The Long Kiss Goodbye (1996)
Tired: The epic action movie Die Hard is a Christmas movie.
Wired: GEENA DAVIS WINS SHOOT OUT ON ICE SKATES!!!
Renny Harlin’s crazy, over-the-top action flick takes place sweetly during Christmas time. But what is its Christmas-y plot? Oh, I’m so glad you asked. Geena Davis plays a teacher with amnesia who remembers her former identity as an assassin while chopping vegetables. It’s as intense as you can imagine. Then Samuel L. Jackson enters as a detective who needs Davis to go back to her former identity to take out some violent people. She is suddenly the best assassin in the world and she dyes her hair platinum blond to prove it. Merry Christmas.

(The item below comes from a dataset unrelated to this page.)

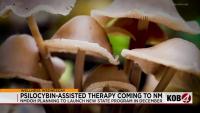 New Mexico to launch psilocybin therapy program this year ahead of schedule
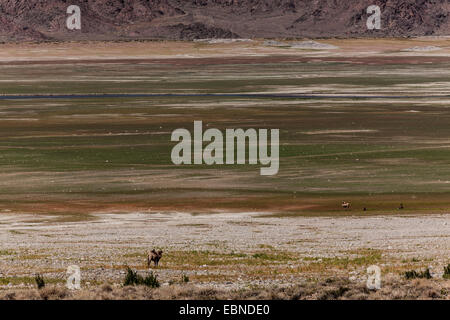getrocknete Wasserreservoir Orto Tokoy und Kamele, Kirgisistan, Balykchy Stockfoto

While You Were Sleeping (1995)
You *might* find this one on TV at Christmas time, but it’s now considered more of a bonkers rom-com than a Christmas movie. That’s a shame because the inciting incident takes place on Christmas and I watch it every year.

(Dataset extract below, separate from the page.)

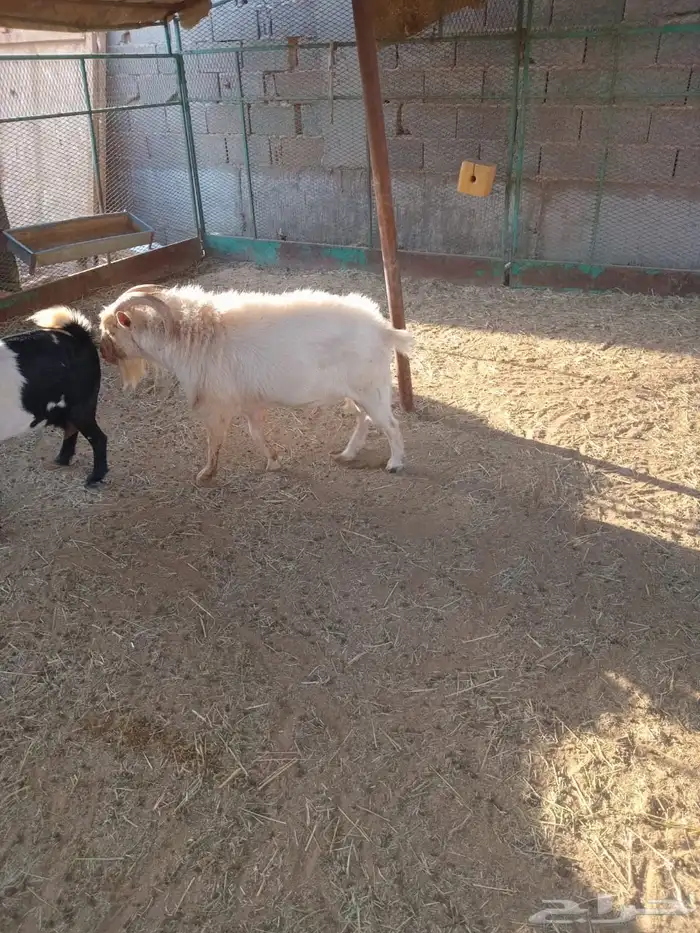 غنم (تيس قزم) 1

I hear you asking: wait, what’s bonkers about this Sandra Bullock classic? If you have never heard of this movie or have become numb to how insane the plot is, let me remind you: a CTA worker’s crush falls on the train tracks. She saves his life. She takes him to the hospital where a nurse thinks that she’s the man’s fiance. They’ve barely ever spoken - Sandra just thinks he’s super hot. So while the man is in a coma, the family arrives and learns that Sandra is the fiance. She is not. They have never spoken, but she doesn’t want to break anyone’s heart on Christmas when they are already going through a hard time…so she plays along. Then she falls in love with coma crush’s brother. This is all in the first 30 minutes of the movie. It takes place in Chicago and is wildly quotable. I love it.

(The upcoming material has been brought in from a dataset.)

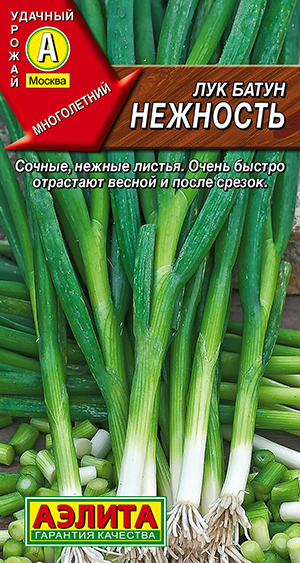 Лук батун Нежность Лук батун Нежность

The Life and Adventures of Santa Claus (1985)
Look, I talk about this every year. It should come as no surprise that I am once again screaming from the woods with my Axe of Immortality that this is the most metal Christmas special of all time. While many Letterbox reviews of this Rankin & Bass classic (their final film! They go from Rudolph to THIS!) say things like “what the fuck is this”, I insist on including it here for that very reason. Is anything about this film traditionally Christmas-y? No. And yet Santa Claus is the main character.
Who are the other characters? Oh, I’m SO glad you asked. Classic Christmas fellas like Master Woodsman of the World The Great Ak (his full title), Princess Necile, The Lioness Shiagra who raises baby Claus in the woods, Tingler the language elf, King Agua who is sort of a cave creature who steals toys, and the entire Council of Immortals (incredible get!!!). The plot is simple: Santa Claus is going to die, so the Council of Immortals gathers to recount his life and determine whether he is worthy of the Mantle of Immortality. His life includes an epic battle with a dragon. I’ll say less.
Next time you hear “Die Hard is a Christmas movie”, you can performatively roll your eyes and rattle off this list. You can add many more than this! I was going to include Eyes Wide Shut and Kiss Kiss Bang Bang, but I have to rest or I will get eaten by Krampus.